Being a key advancement in preventive healthcare, antimicrobial nanocoatings are widely used in modern-world applications that require the need for materials with superior antimicrobial properties. Nanoparticles being developed to serve as alternatives for antibiotics are exhibiting high degree of antimicrobial resistance. As medical tests continue to reveal the resurgence of drug-resistant bacteria across millions of patients, nanoparticles or nanocoatings with superior antimicrobial resistance properties are gaining grounds in a wide range of therapeutic fields. However, using such materials in food production and farming activities should be frowned upon. Presence of such materials in food products may cause of series of health problems, some of which could lead to incidence of pandemic diseases.

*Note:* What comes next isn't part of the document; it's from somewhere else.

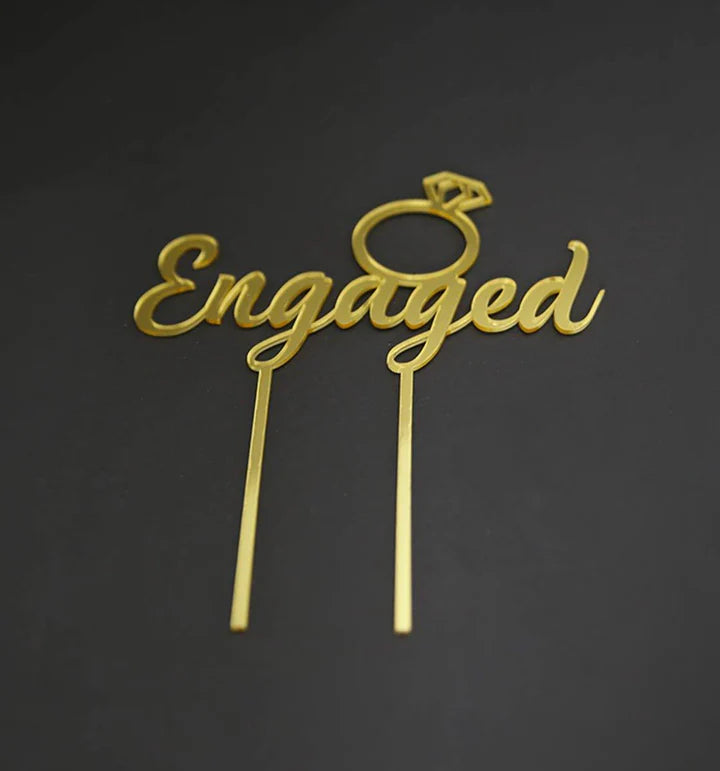 Gold Engaged Acrylic Cake Topper for Engagement Cakes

Concurring to this backdrop, leading organizations in the world are collaborating to solve problems associated with misuse of antimicrobial resistance materials. According to recent developments, the European Union (EU) is pledging a partnership with Food and Agricultural Organization (FAO), a specialized authoritative agency of the United Nations, towards development of solutions of food waste and antimicrobial resistance. Such collaborations are expected to influence the dynamics of global market for antimicrobial nanocoatings. An ongoing market study by Transparency Market Research reveals that active participation of such authoritative organizations will bolster the expansion of global antimicrobial nanocoatings market in the years to come.

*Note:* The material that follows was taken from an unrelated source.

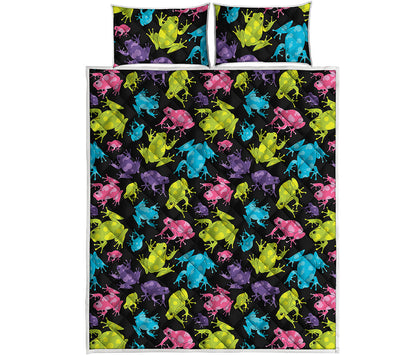 Colorful Frog Pattern Print Quilt Bed Set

Optimisation of Food Waste: Key Focus Area
The underlined objective of EU and FAO collaboration is tackling problems associated with waste management in food supply chains. Key personnel and spokespeople from respective organisations revealed their mutual commitment of intensifying measures to ramp up the adoption of antimicrobial resistance measures in farm and agricultural production, and in food systems. EU estimates revealed that across European countries, approximately 80 million tonnes of food is wasted annually. This volume largely comprises of food made from scarce resources. Costs associated with such degree of food wastage have been surpassing over hundred billion dollars, in Europe alone. The organizations will be joining forces to develop a unique strategy that lowers the extent of waste being dumped in European food supply chains. The effectiveness of these strategies will be gauged, and then readied for global implementation.
Threat of Materials with Antimicrobial Resistance
José Graziano da Silva, the Director-General at FAO, also stressed on controlling the threat of antimicrobial resistance ingredients for health of humans as well as animals. Nanomaterials with antimicrobial resistance properties are being increasingly misused in agricultural activities, despite them being solely developed for aiding the production of human healthcare medicines and veterinary drugs. Presence of such ingredients in foods is fuelling the occurrence of disease-causing microbes among consumers. Graziano da Silva further explained the need for stringent monitoring, wherein the use of antimicrobial nanocoatings and antibiotics remains strictly limited to cure of diseases.
While European countries are showcasing efforts towards lowering the use of antimicrobial nanocoatings in agriculture, FAO plans to promote such undertakings in developing parts of the world. Through co-operation from experienced agriculturists, FAO will be aiming at boosting sustainable development in farming activities across the globe.